* PROBLEM DESCRIPTION: Your task is to find every line in the records that holds the string "Neck" and copy it.

=====

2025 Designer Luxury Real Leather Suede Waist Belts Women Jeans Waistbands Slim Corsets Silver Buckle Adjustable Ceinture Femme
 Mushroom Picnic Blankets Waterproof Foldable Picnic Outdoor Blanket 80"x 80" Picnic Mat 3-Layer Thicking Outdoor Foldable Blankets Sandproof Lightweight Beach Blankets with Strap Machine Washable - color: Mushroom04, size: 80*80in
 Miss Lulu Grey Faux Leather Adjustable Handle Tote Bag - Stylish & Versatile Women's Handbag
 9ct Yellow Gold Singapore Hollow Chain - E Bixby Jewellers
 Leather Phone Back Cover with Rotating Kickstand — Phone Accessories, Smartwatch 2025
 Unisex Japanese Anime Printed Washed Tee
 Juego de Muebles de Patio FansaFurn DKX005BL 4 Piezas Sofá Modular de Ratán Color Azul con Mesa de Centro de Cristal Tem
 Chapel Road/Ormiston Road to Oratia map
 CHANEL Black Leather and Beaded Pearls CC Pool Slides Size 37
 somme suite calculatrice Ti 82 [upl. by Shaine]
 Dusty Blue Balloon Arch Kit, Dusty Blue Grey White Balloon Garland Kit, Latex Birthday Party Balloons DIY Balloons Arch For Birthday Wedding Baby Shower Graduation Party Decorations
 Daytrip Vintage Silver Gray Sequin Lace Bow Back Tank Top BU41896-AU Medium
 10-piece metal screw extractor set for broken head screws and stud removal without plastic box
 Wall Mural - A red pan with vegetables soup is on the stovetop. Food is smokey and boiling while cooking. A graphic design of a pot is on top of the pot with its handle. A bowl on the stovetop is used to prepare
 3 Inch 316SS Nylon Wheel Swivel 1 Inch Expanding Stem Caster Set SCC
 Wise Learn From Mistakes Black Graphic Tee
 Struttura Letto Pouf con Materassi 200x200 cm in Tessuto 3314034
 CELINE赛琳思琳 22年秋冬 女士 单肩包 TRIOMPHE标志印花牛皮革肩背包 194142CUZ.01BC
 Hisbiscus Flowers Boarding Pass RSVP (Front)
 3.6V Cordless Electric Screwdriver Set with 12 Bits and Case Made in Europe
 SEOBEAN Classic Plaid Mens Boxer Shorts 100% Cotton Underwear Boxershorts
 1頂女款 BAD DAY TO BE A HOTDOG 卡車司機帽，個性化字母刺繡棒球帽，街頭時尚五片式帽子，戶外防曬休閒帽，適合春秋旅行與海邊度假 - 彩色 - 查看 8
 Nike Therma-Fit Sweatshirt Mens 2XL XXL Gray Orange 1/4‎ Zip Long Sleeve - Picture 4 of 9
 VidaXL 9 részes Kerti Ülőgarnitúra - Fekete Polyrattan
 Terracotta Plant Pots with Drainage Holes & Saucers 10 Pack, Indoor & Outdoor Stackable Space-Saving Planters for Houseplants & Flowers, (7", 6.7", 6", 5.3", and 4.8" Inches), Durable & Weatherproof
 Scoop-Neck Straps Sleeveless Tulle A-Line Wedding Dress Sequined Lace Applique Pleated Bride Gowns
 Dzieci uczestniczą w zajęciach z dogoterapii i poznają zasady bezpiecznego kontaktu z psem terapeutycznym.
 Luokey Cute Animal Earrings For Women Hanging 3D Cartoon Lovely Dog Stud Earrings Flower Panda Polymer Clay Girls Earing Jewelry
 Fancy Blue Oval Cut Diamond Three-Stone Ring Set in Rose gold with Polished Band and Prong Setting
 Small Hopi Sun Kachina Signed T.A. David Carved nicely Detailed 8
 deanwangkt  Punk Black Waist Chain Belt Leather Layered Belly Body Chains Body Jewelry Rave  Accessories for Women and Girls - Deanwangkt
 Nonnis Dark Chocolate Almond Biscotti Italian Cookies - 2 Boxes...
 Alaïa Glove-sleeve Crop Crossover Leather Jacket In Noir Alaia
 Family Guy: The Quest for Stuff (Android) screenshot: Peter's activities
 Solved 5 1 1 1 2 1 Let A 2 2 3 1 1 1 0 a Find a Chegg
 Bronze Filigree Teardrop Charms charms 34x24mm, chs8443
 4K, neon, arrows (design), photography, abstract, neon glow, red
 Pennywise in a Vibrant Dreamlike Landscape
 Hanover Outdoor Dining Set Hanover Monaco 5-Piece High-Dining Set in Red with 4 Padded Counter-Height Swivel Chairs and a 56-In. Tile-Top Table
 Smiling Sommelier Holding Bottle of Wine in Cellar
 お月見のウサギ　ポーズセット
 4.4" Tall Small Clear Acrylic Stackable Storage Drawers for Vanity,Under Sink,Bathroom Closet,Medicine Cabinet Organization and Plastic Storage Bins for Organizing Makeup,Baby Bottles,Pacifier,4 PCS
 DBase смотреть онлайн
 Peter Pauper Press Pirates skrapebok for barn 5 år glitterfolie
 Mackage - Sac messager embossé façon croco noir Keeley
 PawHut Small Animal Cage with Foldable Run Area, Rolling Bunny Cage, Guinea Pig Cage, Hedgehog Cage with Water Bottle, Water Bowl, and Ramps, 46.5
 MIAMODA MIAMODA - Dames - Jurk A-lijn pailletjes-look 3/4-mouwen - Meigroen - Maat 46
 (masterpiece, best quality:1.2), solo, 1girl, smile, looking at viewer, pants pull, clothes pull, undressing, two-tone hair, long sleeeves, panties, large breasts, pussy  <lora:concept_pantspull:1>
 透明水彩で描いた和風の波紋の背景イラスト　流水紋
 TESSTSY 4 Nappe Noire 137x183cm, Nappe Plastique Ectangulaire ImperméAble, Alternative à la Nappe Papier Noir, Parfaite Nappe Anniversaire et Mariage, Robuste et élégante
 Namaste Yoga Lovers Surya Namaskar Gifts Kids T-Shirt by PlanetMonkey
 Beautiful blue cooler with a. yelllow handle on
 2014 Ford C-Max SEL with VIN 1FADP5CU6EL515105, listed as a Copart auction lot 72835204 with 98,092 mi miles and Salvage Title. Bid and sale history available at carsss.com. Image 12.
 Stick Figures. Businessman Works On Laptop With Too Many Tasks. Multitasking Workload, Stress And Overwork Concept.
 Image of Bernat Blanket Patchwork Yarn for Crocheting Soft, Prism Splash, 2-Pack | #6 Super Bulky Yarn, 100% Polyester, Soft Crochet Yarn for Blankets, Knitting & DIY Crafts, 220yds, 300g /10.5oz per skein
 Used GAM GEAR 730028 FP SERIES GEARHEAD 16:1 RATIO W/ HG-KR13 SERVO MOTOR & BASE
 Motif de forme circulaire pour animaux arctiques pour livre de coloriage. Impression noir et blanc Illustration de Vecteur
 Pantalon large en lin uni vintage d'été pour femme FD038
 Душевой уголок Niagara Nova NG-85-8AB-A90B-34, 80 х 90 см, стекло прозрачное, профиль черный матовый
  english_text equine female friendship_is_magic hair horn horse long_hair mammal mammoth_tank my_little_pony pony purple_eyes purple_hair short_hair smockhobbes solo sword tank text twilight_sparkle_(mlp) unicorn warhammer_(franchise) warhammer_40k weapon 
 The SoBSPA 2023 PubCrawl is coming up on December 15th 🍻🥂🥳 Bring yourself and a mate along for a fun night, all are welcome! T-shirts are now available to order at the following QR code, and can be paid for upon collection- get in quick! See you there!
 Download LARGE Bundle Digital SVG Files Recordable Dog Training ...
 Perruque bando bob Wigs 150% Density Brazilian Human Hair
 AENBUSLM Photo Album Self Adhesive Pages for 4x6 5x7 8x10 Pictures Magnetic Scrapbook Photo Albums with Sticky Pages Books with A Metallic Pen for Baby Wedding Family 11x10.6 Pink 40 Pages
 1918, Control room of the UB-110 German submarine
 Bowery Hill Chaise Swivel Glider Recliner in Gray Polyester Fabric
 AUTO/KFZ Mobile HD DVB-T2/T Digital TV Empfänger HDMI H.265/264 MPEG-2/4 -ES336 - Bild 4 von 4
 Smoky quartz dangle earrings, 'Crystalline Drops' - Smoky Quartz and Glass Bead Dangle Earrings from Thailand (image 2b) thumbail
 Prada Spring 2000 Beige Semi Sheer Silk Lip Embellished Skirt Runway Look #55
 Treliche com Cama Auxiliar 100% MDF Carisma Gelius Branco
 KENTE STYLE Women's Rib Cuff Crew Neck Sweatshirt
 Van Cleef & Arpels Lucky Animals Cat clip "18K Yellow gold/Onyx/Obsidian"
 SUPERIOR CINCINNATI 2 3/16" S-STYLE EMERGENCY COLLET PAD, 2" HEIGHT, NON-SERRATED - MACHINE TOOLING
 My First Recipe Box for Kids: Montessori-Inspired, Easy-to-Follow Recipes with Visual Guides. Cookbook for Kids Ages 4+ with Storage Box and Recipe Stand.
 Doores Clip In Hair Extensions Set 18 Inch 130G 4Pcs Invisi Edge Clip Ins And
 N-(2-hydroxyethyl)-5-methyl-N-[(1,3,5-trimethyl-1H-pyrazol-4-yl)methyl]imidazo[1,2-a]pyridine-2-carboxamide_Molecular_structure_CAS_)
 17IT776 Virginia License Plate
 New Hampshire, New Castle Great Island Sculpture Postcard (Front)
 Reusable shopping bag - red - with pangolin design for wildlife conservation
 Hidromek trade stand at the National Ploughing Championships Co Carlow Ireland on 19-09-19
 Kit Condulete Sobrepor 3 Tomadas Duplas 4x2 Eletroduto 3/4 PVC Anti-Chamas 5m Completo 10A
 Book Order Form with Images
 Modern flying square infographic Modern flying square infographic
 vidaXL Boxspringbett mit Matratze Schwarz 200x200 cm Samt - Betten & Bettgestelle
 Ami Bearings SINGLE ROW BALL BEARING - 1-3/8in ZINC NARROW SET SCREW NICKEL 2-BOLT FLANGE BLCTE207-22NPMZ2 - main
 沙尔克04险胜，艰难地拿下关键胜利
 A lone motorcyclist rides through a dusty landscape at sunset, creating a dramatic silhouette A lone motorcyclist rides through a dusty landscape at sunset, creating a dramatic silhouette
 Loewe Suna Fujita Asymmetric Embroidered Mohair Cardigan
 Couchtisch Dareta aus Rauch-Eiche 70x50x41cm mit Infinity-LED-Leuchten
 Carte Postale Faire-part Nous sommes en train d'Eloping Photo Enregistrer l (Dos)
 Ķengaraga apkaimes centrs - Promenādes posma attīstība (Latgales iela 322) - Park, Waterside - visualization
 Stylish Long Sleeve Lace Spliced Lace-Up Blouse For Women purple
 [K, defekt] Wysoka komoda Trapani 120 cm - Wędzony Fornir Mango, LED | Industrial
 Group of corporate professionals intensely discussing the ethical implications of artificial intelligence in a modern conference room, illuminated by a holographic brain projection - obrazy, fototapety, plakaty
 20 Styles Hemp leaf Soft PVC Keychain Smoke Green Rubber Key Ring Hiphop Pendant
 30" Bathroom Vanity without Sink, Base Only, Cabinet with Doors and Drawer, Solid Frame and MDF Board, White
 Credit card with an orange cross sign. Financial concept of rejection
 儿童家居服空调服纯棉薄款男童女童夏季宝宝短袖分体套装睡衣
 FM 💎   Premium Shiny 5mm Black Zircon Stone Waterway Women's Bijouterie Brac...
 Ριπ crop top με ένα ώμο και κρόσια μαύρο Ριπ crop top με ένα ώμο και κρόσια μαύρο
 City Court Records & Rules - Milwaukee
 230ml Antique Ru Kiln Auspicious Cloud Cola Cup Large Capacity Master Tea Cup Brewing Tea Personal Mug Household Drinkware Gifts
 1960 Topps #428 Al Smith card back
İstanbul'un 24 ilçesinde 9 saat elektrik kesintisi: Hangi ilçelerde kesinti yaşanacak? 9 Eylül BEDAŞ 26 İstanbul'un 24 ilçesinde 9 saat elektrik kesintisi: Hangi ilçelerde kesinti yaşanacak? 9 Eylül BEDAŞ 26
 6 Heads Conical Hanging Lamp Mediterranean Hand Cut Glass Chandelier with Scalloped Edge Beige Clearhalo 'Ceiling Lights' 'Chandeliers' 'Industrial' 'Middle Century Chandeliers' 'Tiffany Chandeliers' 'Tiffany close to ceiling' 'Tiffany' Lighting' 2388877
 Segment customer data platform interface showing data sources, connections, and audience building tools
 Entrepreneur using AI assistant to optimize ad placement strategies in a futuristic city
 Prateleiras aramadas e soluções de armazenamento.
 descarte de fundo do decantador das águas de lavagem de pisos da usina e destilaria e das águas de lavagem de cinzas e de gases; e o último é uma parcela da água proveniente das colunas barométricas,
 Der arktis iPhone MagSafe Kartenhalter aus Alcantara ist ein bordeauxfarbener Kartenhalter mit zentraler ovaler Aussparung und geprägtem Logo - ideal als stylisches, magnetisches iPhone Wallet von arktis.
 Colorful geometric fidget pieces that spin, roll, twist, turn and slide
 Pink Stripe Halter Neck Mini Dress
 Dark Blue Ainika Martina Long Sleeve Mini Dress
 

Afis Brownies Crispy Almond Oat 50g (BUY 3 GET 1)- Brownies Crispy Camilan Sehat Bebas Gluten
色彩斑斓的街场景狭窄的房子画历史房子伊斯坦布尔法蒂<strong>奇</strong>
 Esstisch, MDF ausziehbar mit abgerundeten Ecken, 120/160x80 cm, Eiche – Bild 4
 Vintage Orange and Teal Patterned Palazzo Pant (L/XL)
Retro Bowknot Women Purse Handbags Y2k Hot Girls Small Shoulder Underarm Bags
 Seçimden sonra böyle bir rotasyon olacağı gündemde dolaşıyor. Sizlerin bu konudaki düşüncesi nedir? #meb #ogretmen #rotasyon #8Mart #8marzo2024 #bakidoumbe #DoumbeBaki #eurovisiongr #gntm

=====

* RESULT:
 Scoop-Neck Straps Sleeveless Tulle A-Line Wedding Dress Sequined Lace Applique Pleated Bride Gowns
 KENTE STYLE Women's Rib Cuff Crew Neck Sweatshirt
 Pink Stripe Halter Neck Mini Dress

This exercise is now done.